Pada saat berada di permukaan laut kapal selam rawan kepergok pesawat Neptune Belanda yang dipersenjatai roket FFAR 70 mm antikapal perang, bom seberat 3.629 kg, bom laut dalam, dan kadang membawa torpedo.

Pada PD II kapal-kapal selam U-Boat Nazi Jerman yang sedang mengisi baterai di siang hari sering mengalami nasib nahas.

Pasalnya pesawat-pesawat tempur Sekutu yang sudah dilengkapi radar pencari sasaran berhasil menemukan U-Boat tiba-tiba datang menyerang.

Dalam hitungan detik, kapal U-Boat yang belum sempat menyelam umumnya berhasil dihancurkan pesawat-pesawat tempur Sekutu.

Berbeda dibandingkan pesawat-pesawat tempur Sekutu pemburu kapal selam, ketika sedang berpatroli pesawat-pesawat itu berada pada posisi yang jauh dari kapal-kapal perang Sekutu.

Dengan dermikian pesawat-pesawat itu tidak bisa memberikan informasi secepatnya kepada kapal-kapal perang Sekutu untuk segera menghancurkan U-Boat.

Tapi sistem pertahanan laut Belanda di Irian Barat saat itu sudah maju dibandingkan sistem pertahanan laut Sekutu pada PD II.

Pertahanan laut Belanda sudah terjalin kerjasama yang rapi antara Neptune dan kapal-kapal perang pemburu kapal selam.
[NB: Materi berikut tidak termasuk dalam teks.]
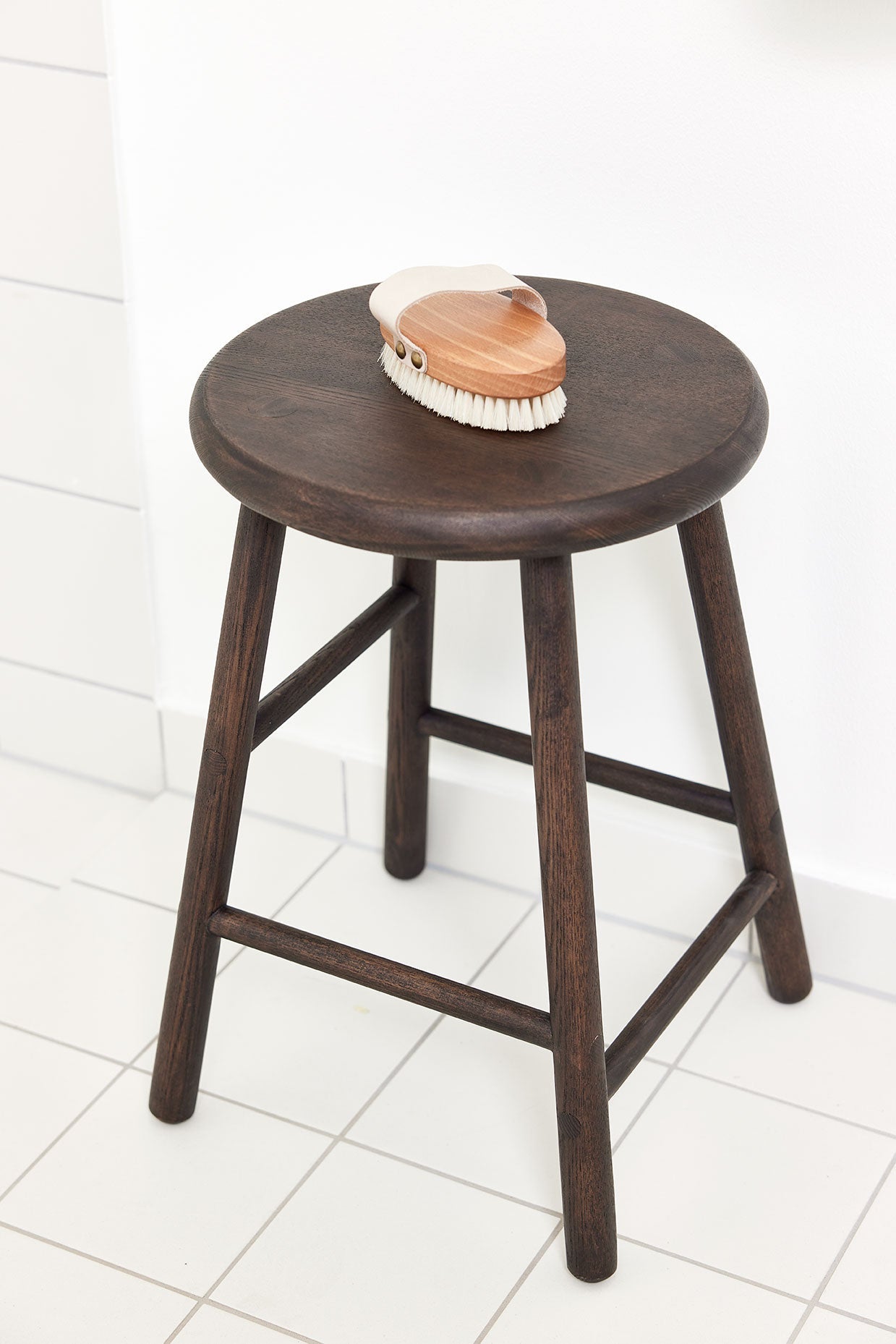 OYOY LIVING Moto Stool - Low Stool
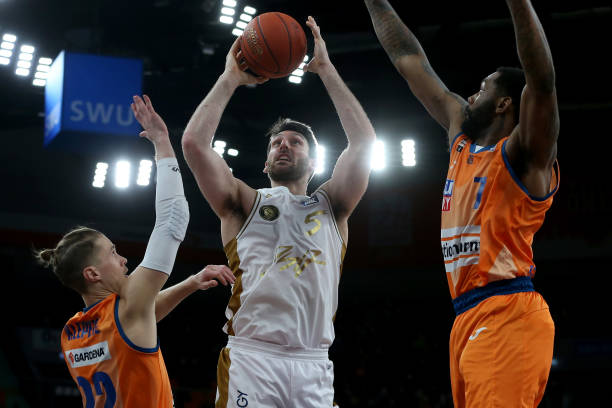 男足接连两 男足接连两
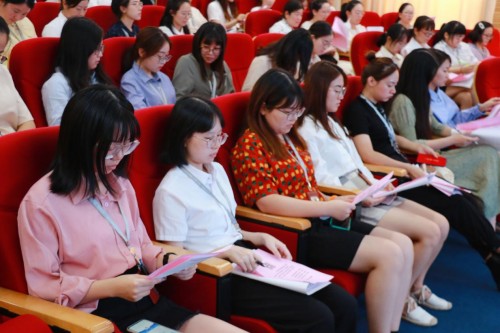 簽收一份 “討要”一份 海亮教育人收到兩份特別的教師節“禮物”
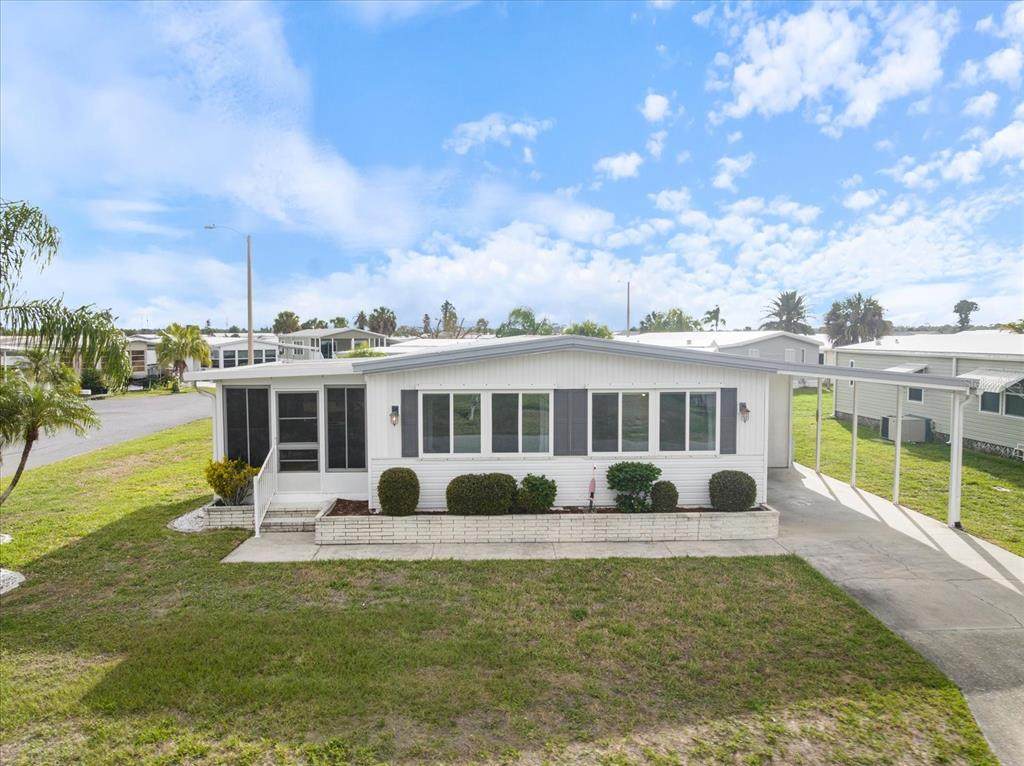 522 Parkwood Avenue - Photo 1
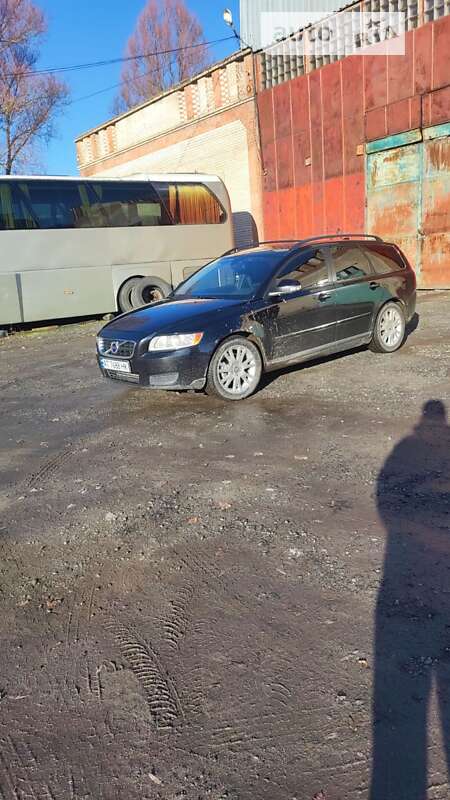 2010 volvo v50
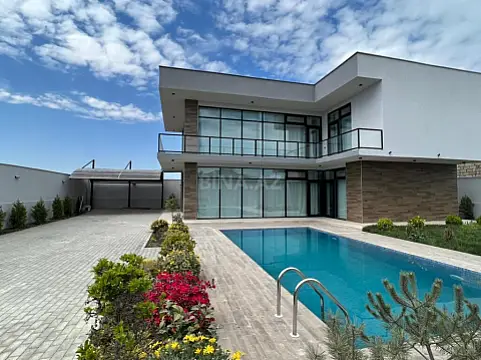 Satılır həyət evi 300 m² — Bakı, Mərdəkan 300.00 m²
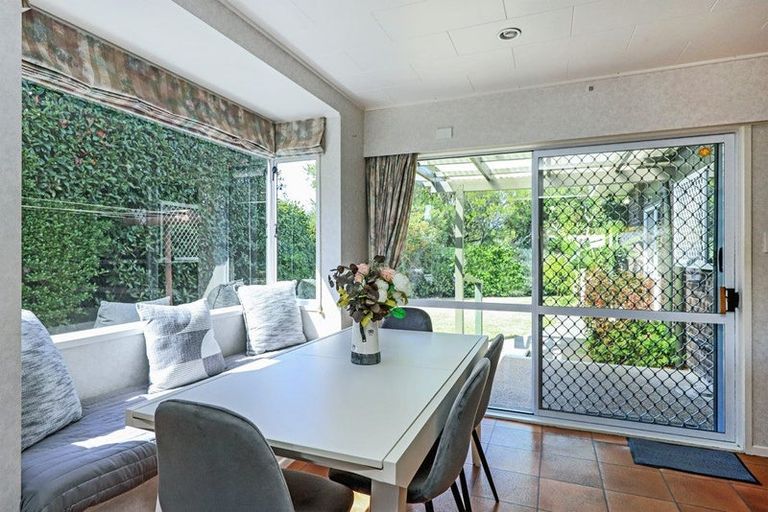 Photo of property in 15 Kirkcaldy Place, Flaxmere, Hastings, 4120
Pertahanan yang saling bersinergi itu pun telah disusun oleh AL Belanda di Irian Barat ketika kapal-kapal selam RI mulai melancarkan operasi penyusupan.

Dengan pola pertahanan yang siap menyergap kapal-kapal selam TNI AL itu maka pergerakkan kapal-kapal selam seperti sedang masuk ke perangkap Belanda.

Khususnya ketika kapal-kapal selam TNI AL sedang muncul ke permukaan untuk men gisi baterai.

Di atas permukaan laut kapal-kapal selam bergerak dengan daya mesin diesel sehingga baterai secara otomatis terisi.

Tenaga dari baterai itu kemudian digunakan oleh kapal selam ketika berada di kedalaman laut.

Salah satu kapal selam TNI AL yang kemudian berhasil dipergoki oleh patroli udara pesawat Neptune dan kapal-kapal perang Belanda adalah RI Nagabanda.

Kapal selam RI Nagabanda yang kemudian dihujani bom-bom penghancur kapal selam oleh kapal-kapal perang Belanda harus berjuang keras selama 36 jam untuk meloloskan diri.